A lot of it probably has to do with experiences people have as school kids, or in college, such as reading aloud in class, being called on to answer questions, etc. and being criticized or ridiculed for making a mistake. My guess it that people have negative associations towards criticism, judgement, an close scrutiny. The same would apply in public speaking classes where the teacher scrutinizes everything the student does. I’ve noticed that out of the assigned speeches, almost everyone seemed to do the best with the “pet peeve” speech where they just rant about something. In that type of speech there is nothing to memorize since you already know what annoys you and all my classmates seemed to flow freely for this speech.

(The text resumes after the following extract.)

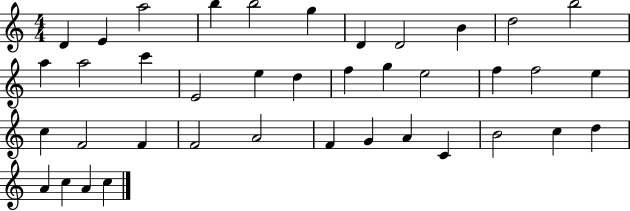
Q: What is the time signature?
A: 4/4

I’ve done three public martial arts demonstrations, one for a small gym and the other two on stage with hundreds of spectators. I had no stage fright at all. I just performed the skills as I was supposed to. I think part of it was that I was doing rather than thinking about what I was doing. I did give a short talk for the audience, but I think that part was easy because it was a topic I was enthusiastic about rather than something a teacher assigned.
I suspect that many who think they have stage fright might just remember experiences in school and might actually perform well when doing something they like and without a teacher grading them.
I am an introvert who hates speaking in public or being watched whilst doing so. I did a speech once and I was so nervous – I had a terrible time breathing and got out of breath with nerves – I also do this if I have to read out loud a long passage in the presence of other people.
This is an exercise one of my psychology professors did with my class. The class was divided into groups of two students and each student took turns playing the role of the client and the therapist, where the client would talk about the problem and the therapist would use Active Listening. The rest of the class would observe both students and evaluate their performance, whether or not they seemed to be in rapport, whether they seemed nervous, if the therapist was paying attention, etc. This took maybe two weeks for everyone to have a turn. The big reveal at the end was that while the exercise was intended to practice the skills, the main purpose was to teach us about stage fright. He asked the class if anyone was nervous when they were in the front of the room, and most students said they were. He also asked the class if anyone noticed anyone else being nervous and no one did. He explained that while we may experience these feelings, others usually won’t notice.
Firstly, your Salsa dancing performance was marvellous. Bravo !!! and Bravo !!! again. Even that Salsa of Salsa dancers, Teddy 001, thinks it was spectacular. Secondly, I have lectured to a group of approximately 1000 people on the coming era of Nanotechnology and Artificial Intelligence Nanotechnology (AIN). Like you, I can do this due to the countless hours I spend in preparation. Well done again on a magnificent Salsa routine. I am also a Salsa dancer, as is Teddy 001, so we are both complimenting you with credibility behind us (I have emailed you a picture of Teddy 001 in his Salsa outfit)
Really inspiring,I had always thought being introvert wasn’t good ,and sometimes I envied all those who seemed to flow with the masses I’m very thankful that I got to read this article.
I’m glad it was inspiring to you! 🙂 xo
A very well-written article! I myself am an introvert. When I’m with people, I talk very less. I spend more time listening and observing. However, I’ve always been a performer. Stage fright is something I don’t know exists. I have a good stage prrsence. I, however, am he’ll scared of impromptu performance. I need time to perfect my performance.
I love how you empower introverts, myself included. As a former musician who used to experience lots of stage fright, it is inspiring and necessary for similar performers to know it’s possible. Keep up the good work!